Como sobreviver nesse mundo





Para sobreviver nesse mundo você precisa acima de tudo ter. Ter, ter, ter. Você precisa ter dinheiro, um ótimo emprego, ter muitos “amigos”, ter muita importância na sociedade, ter um carro do ano, ter um ótimo apartamento (na zona sul de preferência). É isso mesmo. Precisamos ter: do bom e do melhor – não necessariamente nesta ordem – para mostrarmos ao mundo que não somos fracassados, que somos abençoados, que “Deus ajudou quem cedo madrugou”.

Depois de você “ter” algo, você precisa “ser”. Você precisa ser lindo, maravilhoso, charmoso, bem vestido, hipócrita, ser descolado, ser o melhor, ser competitivo, ser egoísta, ser cara de pau, ser alguém que os outros querem que você seja. Você não pode ser você. Você tem que ser de acordo com as regras pré-escritas antes mesmo da sua chegada ao planeta. Se você – em algum momento insano da sua vida – resolver ser você mesmo. Ferrou. Já era. Esse mundo vai te engolir sem mastigar. Vai ser rápido, rasteiro. Então, sobreviva. Não seja você. 

Depois de você “ter”, “ser”, você precisa “fazer”. Faça qualquer coisa, algo que dê dinheiro para você e para os que te cercam. Não pode ser bondade, caridade, visita em asilo. Nada disso. Você tem que produzir. Fazer ganhar dinheiro. Fazer o mundo girar. Fazer acontecer. Essa é a realidade. Não adianta você fazer alguém parar de chorar. Não adianta você fazer alguém se sentir melhor. Você precisa – de acordo com as regras – fazer dinheiro. Não pode ser “gentinha”, morar no subúrbio, ganhar salário mínimo, nem ser inocente em achar que um dia as pessoas do business world vão te valorizar pelo que realmente você é.

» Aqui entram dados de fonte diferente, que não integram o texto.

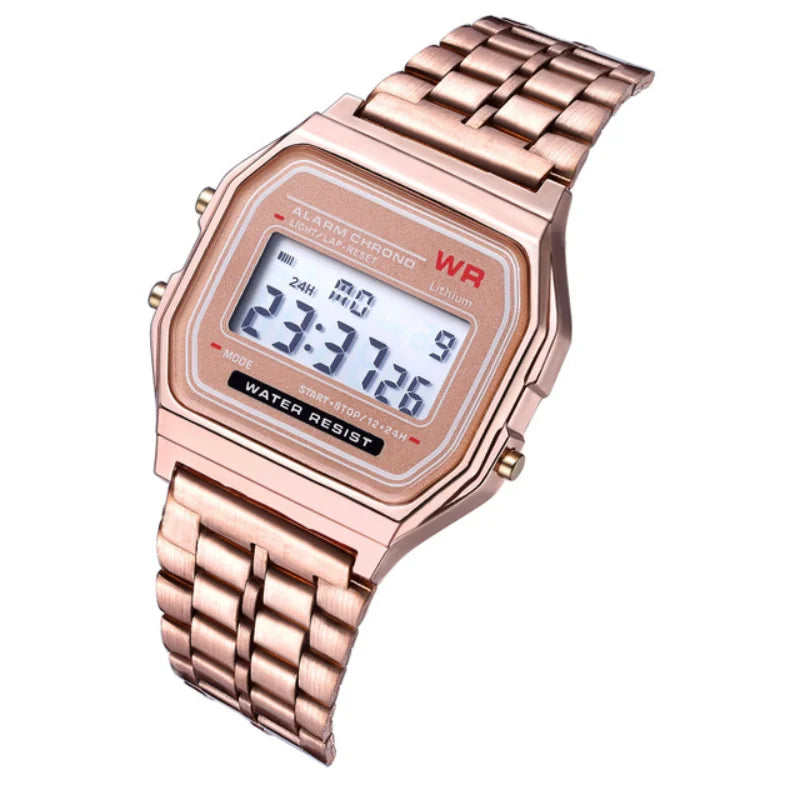 F91W LED Digital Watch – Steel Band, Multi-Functional Sports & Business Clock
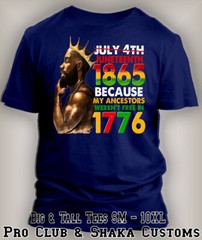Mens Black King 1865 Juneteenth Black History Tee Shirt Pro Club Shaka T
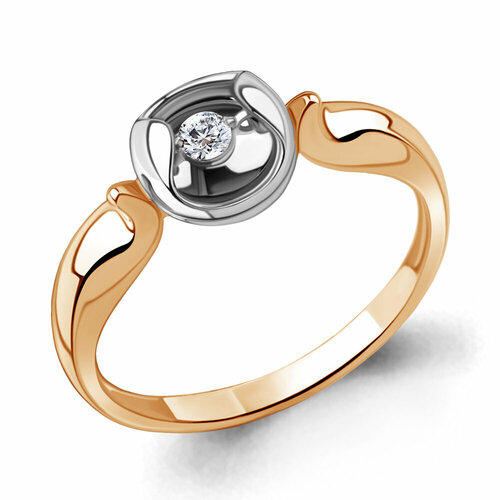 фото Кольцо diamant online, золото, 585 проба, бриллиант, размер 17
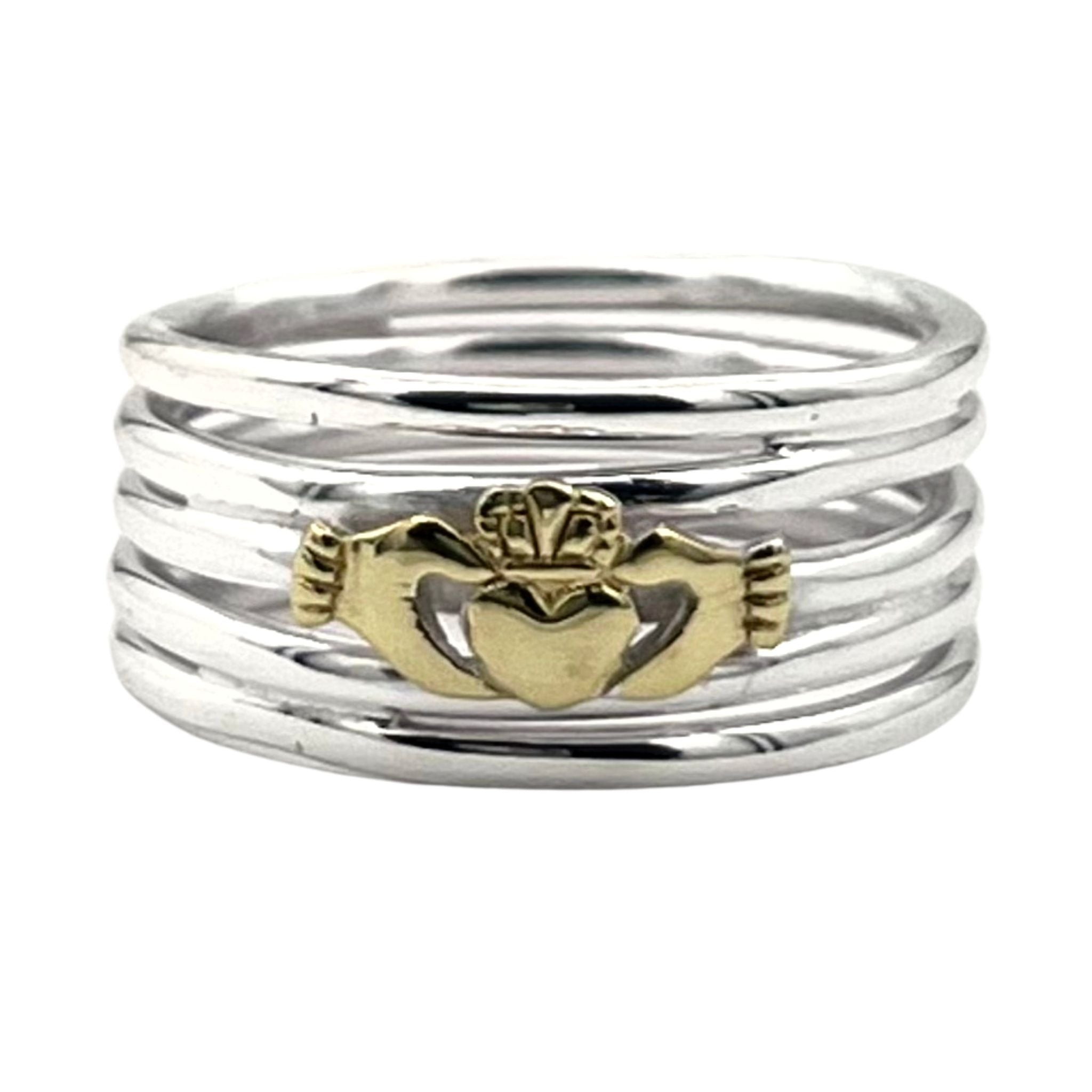 STERLING SILVER 18K Gold Plated Celtic Claddagh Ring / SSR0087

É assim. Texto amargurado, não? Mas é isso. A realidade é essa. Você não pode mais ser a bondade em pessoa. A intelectualidade em pessoa. Não importa quantos livros você já leu, ou o quanto você sabe, um dia você vai entender que a melhor coisa é dar uma de burro. A vida é essa e pronto. Restaurantes caros, salões de beleza caríssimos, SPA, tem que ter mil mulheres, mil homens para estar dentro dos padrões “globais” e reais.  Não precisa ler mil livros, porque o que atrai o sexo oposto é a sua aparência: sarada, bem vestida. Ler pra quê? E sai fora os quilinhos a mais, desista, vá fazer uma dieta porque não rola, tem que ser magra, sarada, gostosa.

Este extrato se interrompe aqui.